Is There a Bailout Form I Can Fill Out, or Something?
29
September
Does this mean that I have the freedom to try some wild ass things with my business, because if they flop and the biz goes in the crapper, I can just get bailed out by nice people like you?
I think I like that.
The current Bush-proposed plan makes me nervous, if for no other reason than George Bush proposed it. The guy who got C’s in college, in charge of the largest financial bailout in world history. And the way he speaks condescendingly about it as if he’s the only one that gets it. Kinda like the pot head landlord I had in college. Dude, you just don’t get it. Drinking bong water is a BOLD move.
I’m only receiving scant bits of information about the bail out, so I think I have a very superficial understanding of what’s going on, why it’s going on, and how the $700B will help. As you might expect, I have a few questions.
Are there estimates or scenarios about what would really happen if we decided to let these companies twist in the wind? I mean real ones, not just shaky finger-pointing at sepia photos of unwashed children wearing tattered clothes during the 1930’s? Maybe that’s what needs to happen - a few million people need to have the finances ruined, lawsuits need to be filed against executives and boards of these companies, their personal assets seized, a few high profile heart attacks, a few executive suicides. Mobs with pitchforks and torches are totally optional. Sphincters across the solvent financial companies clench so hard that nobody with a credit score short of 780 sees a penny and for investment firms to regain lost trust they’re forced to offer contractual assurances that your money is safe, doing so by having some portion of their funds in a zero-risk, interest bearing escrow account. Shareholder meetings are no longer conducted by proxy, and company boards are treated to tomato showers and threats of bodily harm when they can’t keep their companies in the black.

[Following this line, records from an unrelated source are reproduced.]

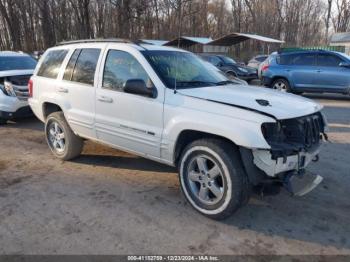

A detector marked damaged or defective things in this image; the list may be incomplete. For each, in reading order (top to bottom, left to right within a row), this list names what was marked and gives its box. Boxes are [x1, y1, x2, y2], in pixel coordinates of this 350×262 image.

crumpled hood [178, 84, 322, 120]
front end damage [242, 111, 326, 195]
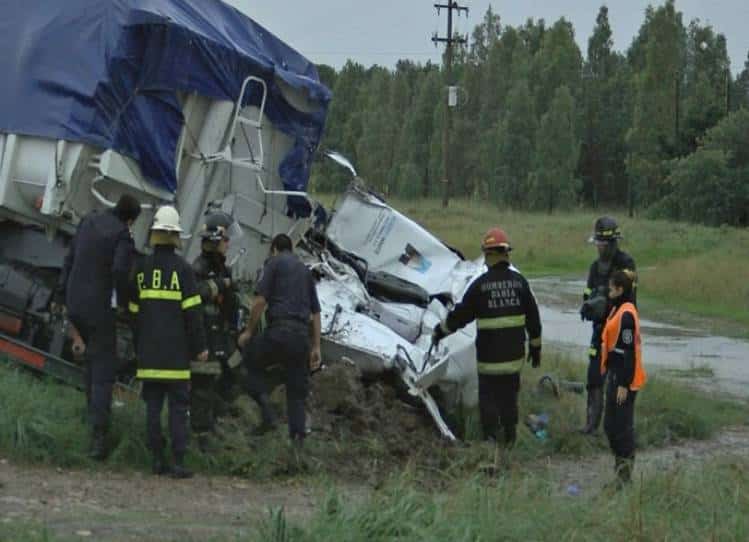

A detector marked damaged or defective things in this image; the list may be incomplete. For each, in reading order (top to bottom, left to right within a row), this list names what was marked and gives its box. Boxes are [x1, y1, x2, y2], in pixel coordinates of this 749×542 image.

damaged vehicle [0, 0, 482, 442]
overturned semi-truck [0, 0, 482, 442]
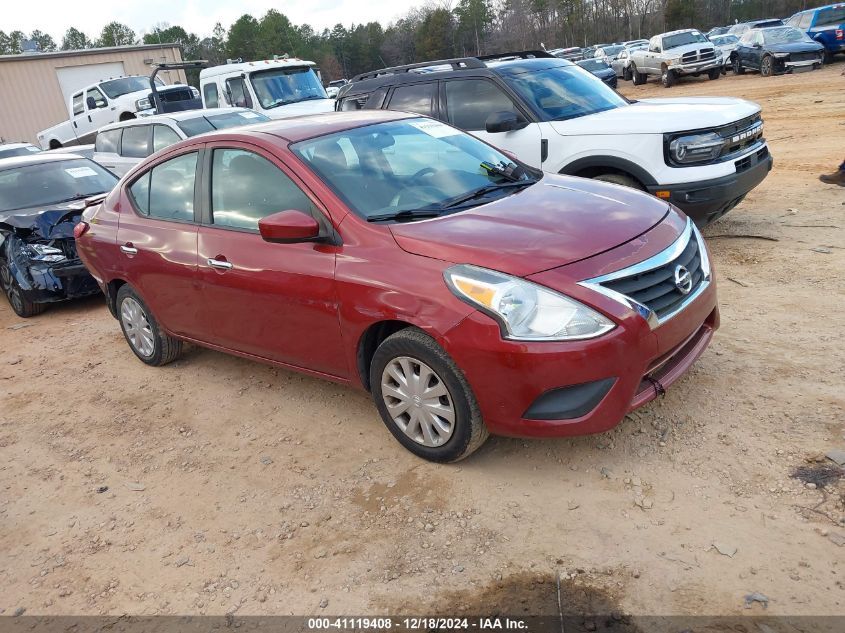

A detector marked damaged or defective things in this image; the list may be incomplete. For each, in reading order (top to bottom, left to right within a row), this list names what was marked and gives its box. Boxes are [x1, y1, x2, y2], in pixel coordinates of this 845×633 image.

damaged blue car [0, 154, 117, 316]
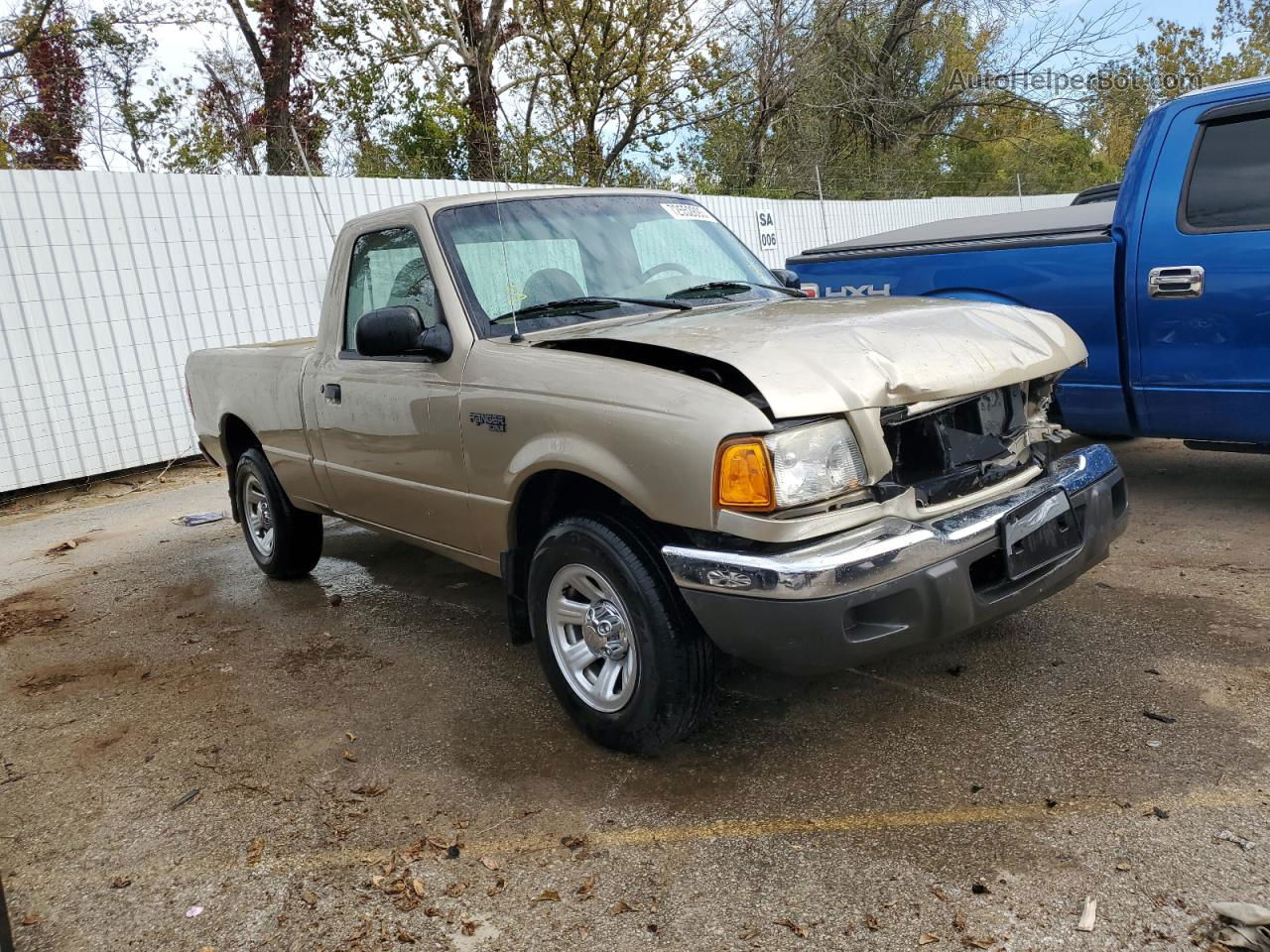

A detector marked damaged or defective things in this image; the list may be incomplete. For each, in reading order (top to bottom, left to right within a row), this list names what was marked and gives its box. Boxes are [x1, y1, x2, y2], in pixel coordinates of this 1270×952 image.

crumpled hood [531, 297, 1086, 418]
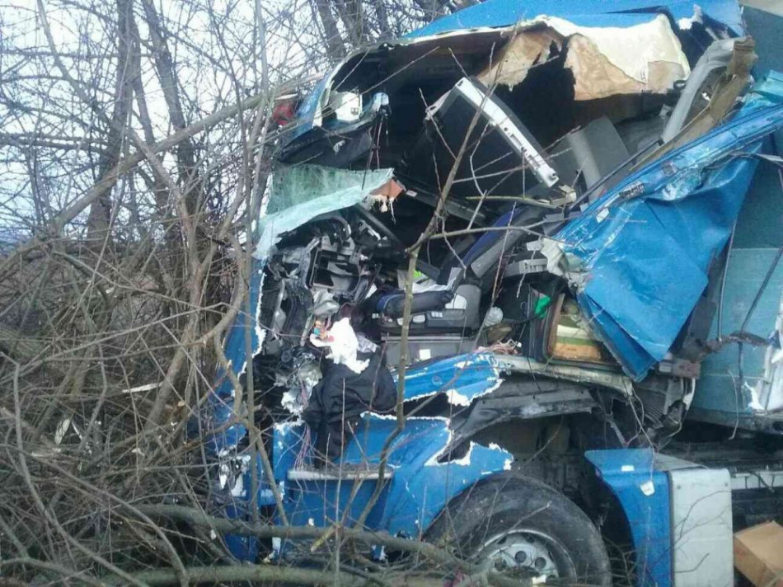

How many of the politicians involved in the vote are directly affected by the failures of these companies? Would they have a reason to want to pass the bail out? Hmm?
And what about the top brass at each company? They should have their testicles placed on a piece of poplar and hammered with a tenderizer, obviously. But what if the bill includes minimal compensation for all executive staff at each failed company, or a zero-golden-parachute clause? Do they all leave, opting for other jobs (oh yes, they’d find other jobs)? Might nobody qualified be interested in filling those positions? (I bet dubya has a few former classmates that’d apply for those jobs.) Then who runs them? A guy who passed the civil service test in 1989?
The alcohol from my drinks is starting to kick in, so I’d better cut this short.
BTW, does Barney Frank have any teeth?
Here’s an interesting link. It’s from Fox News, so take it with a grain of salt, but at least watch the video starting at the 1:23 mark. (I was trying to find video of Barney Frank, and this was the first thing in Google to pop up - honest.)






1. Natalie | September 29th, 2008 at 10:14 pm
I read most of the original version that was proposed and man, it was scary. I have no idea what was proposed in the final draft, but I’m getting really sick and tired of hearing, “if we don’t do this, we will face doom and gloom”, because it’s a self-fulfilling prophecy. The economy depends a great deal on what “the powers that be” say and if they are spelling out doom and gloom that doesn’t leave us with a very good prognosis. If they would just shut their traps on the doom and gloom part and focus on a viable althernative, then we might have a fighting chance of getting a proposal that actually WORKS and doesn’t cost each tax payer whatever thousand 700 billion calculates out to be.
I hope that made sense. Second glass of wine.
2. Natalie | September 29th, 2008 at 10:15 pm
uh, althernative should be alternative. That’s two glass of wine speak.